When we have these two attitudes, bodhicitta arises very correctly. Kindness naturally brings forth compassion. And trust in the buddha nature of all beings brings enlightenment. Both are possible and that is why these are very important.
Essence of Bodhicitta: Pure Compassion
After this explanation, another student asked about compassion and how we should understand pure compassion.
Our compassion is not pure because our compassion has an agenda. For example, I may feel compassion towards you but I have an agenda. My agenda can be anything. Mostly our compassion is not pure because we have an agenda. Our compassion carries emotions. For example, if we feel compassion for someone and if the person then acts badly, we tend to become angry. Our compassion is emotional. On top of that, our compassion has an agenda. And of course, our compassion has judgment. So, our compassion is not the same for everybody.
When we add all these elements to our compassion, we cannot really call it good compassion, can we?
Emptiness and Compassion
When we meditate on emptiness, we have no agenda. At that time, we don’t have judgment and we don’t have emotion in emptiness. After we have finished our meditation–at the moment we arise– the first thought needs to be, “I wish all sentient beings to be free from suffering and the causes of suffering”. When we arise after the emptiness meditation that moment of compassion has no agenda because it is just after the emptiness meditation. It is pure. But, after five minutes– the agenda develops again. Then our compassion has emotion and judgment.
So how do we practice? We practice by alternating the two practices.

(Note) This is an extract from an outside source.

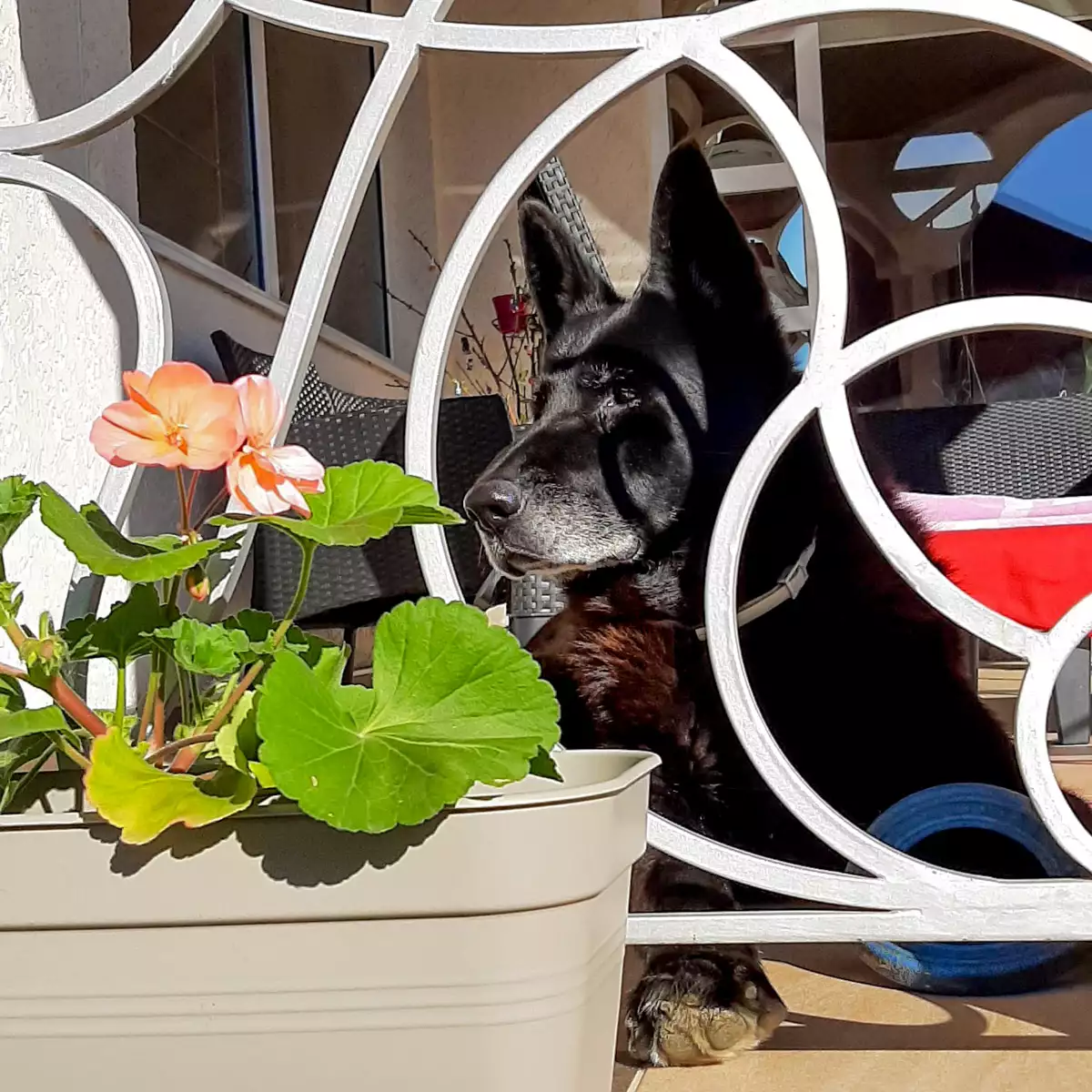 Lux Guest Hous Мukachevo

Alternating is the key to practicing correct compassion. Compassion can be developed from emptiness and emptiness can develop from compassion. This is how we practice alternating.
Simply sit for one to five minutes and meditate. Afterward, we say, “I wish all sentient beings to be free from suffering and the causes of suffering.” This is compassion. After we spend some time developing compassion, drop that, and return to emptiness. After emptiness, then we again cultivate compassion.
When we alternate, compassion helps emptiness and emptiness helps compassion. How? Our meditation does not become selfish when we have supported it with compassion. When we don’t have compassion, then our emptiness compassion becomes selfish. That means we are meditating for our own benefit–and that is selfish.
Consider carefully the statements above about selfish compassion and agendas. Then examine your own thoughts, words and deeds. Can you begin to notice when your kindness and compassion has an agenda? Don’t judge yourself–simply notice.
Slowly try to pay more attention to this in your dealings with others in daily life. Can you pause and examine your motives? How does this change your expression of kindness, compassion and bodhicitta?